En ce qui concerne les Palestiniens dans les camps, il ne sont pas plus expo­sés aux risques, au regard de ce qu’ils vivent déjà. Ils ont tous été tou­chés. Une fois que ta mai­son est détruite, qu’est-ce qu’il te reste ? Une fois que ton fils est tué, qu’est-ce qu’il te reste ? Quand les enfants meurent, qu’est-ce qu’il reste ? Quand même les ani­maux sont tués, que les oli­viers et les figuiers sont cou­pés, qu’est-ce qu’il te reste ? Quand des enfances entières sont oppri­mées… Je ne trouve plus les mots… Qu’est-ce qu’il reste à perdre ? Tout le monde était effec­ti­ve­ment expo­sé aux dan­gers et à ces risques dont je parle. Je les connais moi-même aujourd’hui, et toute ma famille les connaît : je suis contrô­lé, on inter­dit à mes enfants de tra­vailler. (il essuie dis­crè­te­ment une larme) Ils reçoivent des cen­taines de menaces, par télé­phone, par e‑mail — sans par­ler du nombre de pro­cès qui nous ont été inten­tés. Ma vie est deve­nue un cau­che­mar. Si on était dans un pays démo­cra­tique, c’est un prix que je ne devrais pas payer. Je ne devrais pas avoir peur pour ma vie et je ne devrais pas faire de cau­che­mars. Je devrais rêver de Paris, de Rome, de musique, de belles femmes… Là, je dois au contraire faire des cau­che­mars sur les guerres, les menaces… Sur quelle base ? parce que je suis un acteur ? un réa­li­sa­teur ? que j’ai fait quelque chose qui vient de ma conscience ? Je n’ai aucune appar­te­nance, à part moi-même. Pourquoi me fait-on payer ce prix ? je ne sais pas, mais je suis prêt à le payer. Et je les emmerde ! (il élève la voix)

Où le film a‑t-il été pro­je­té la pre­mière fois ? Quand a‑t-il pu dépas­ser les fron­tières de la Palestine ?

« Je — mais il faut se méfier de ce je — m’impose d’être moi-même.

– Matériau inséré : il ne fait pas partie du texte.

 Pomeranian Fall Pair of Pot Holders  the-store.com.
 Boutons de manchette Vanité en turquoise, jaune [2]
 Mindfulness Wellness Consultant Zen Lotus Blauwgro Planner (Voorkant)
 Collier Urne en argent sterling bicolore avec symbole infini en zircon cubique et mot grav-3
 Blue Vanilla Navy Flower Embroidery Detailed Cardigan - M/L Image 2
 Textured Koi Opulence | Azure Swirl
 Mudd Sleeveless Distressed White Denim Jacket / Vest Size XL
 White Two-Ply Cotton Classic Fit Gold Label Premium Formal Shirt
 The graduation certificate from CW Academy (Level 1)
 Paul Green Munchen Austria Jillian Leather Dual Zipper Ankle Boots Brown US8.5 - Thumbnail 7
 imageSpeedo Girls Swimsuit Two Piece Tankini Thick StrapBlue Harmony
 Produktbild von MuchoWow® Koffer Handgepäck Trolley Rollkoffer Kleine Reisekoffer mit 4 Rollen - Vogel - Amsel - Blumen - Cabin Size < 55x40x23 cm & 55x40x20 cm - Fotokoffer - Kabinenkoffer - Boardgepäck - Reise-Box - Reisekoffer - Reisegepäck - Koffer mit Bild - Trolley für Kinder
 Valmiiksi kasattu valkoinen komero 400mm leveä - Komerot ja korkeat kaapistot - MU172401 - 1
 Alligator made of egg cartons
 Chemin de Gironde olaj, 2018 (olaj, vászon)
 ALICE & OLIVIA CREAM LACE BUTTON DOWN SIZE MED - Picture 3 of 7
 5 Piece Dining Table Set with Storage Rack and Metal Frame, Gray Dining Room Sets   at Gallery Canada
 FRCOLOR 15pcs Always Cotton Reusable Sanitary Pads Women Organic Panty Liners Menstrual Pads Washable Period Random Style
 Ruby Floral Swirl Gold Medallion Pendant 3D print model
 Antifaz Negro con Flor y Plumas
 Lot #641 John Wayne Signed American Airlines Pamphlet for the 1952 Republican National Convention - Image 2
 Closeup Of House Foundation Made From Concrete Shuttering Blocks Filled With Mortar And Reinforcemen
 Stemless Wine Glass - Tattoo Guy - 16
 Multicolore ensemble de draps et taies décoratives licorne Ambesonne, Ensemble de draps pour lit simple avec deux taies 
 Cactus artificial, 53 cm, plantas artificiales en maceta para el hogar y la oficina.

En étant moi-même, j’in­carne tous ces gens de Jénine. »

C’était dans le camp de Jénine, en pré­sence de tous les per­son­nages du film — sauf le pro­duc­teur, assas­si­né, dont on vient de par­ler. Toutes les cinq minutes, on avait une panne : l’écran s’éteignait et il nous fal­lait aus­si un cli­ma­ti­seur pour refroi­dir le moteur du pro­jec­teur. Le film dure cin­quante-deux minutes, mais la pro­jec­tion a duré deux heures trente, à cause de ces pro­blèmes. (rires) Je pense que la pre­mière fois qu’il a été pro­je­té en dehors de la Palestine, c’était sur Future TV au Liban, et en Espagne en 2003. Il n’y a pas eu d’autres pro­jec­tions. Je n’ai pas pu le dif­fu­ser ailleurs dans le monde.

Durant votre der­nier débat, avec le jour­na­liste Alain Gresh, vous avez décla­ré que « le film n’est pas une action mais une réac­tion ». Vous ajou­tiez ne rien com­prendre à la poli­tique. Votre réac­tion n’est-elle pour­tant pas celle d’un homme enga­gé ?

« Engagé » est un grand mot, et je n’aime pas ces slo­gans toni­truants. Aujourd’hui, j’ai écrit un post sur Facebook : peut-être qu’il va répondre à votre ques­tion. J’ai dit que les meilleurs lea­ders, les meilleurs modèles, ce sont ceux qui sont eux-mêmes, qui n’imitent per­sonne. J’essaie d’être moi-même. Je — mais il faut se méfier de ce « je » — m’impose d’être moi-même. En étant moi-même, j’in­carne tous ces gens de Jénine.

Votre fils, Saleh Bakri, a déci­dé de ne plus tour­ner dans aucun film israé­lien. Il a un jour lan­cé : « J’ai cette résis­tance en moi. » Peut-on dire « tel père, tel fils » ?  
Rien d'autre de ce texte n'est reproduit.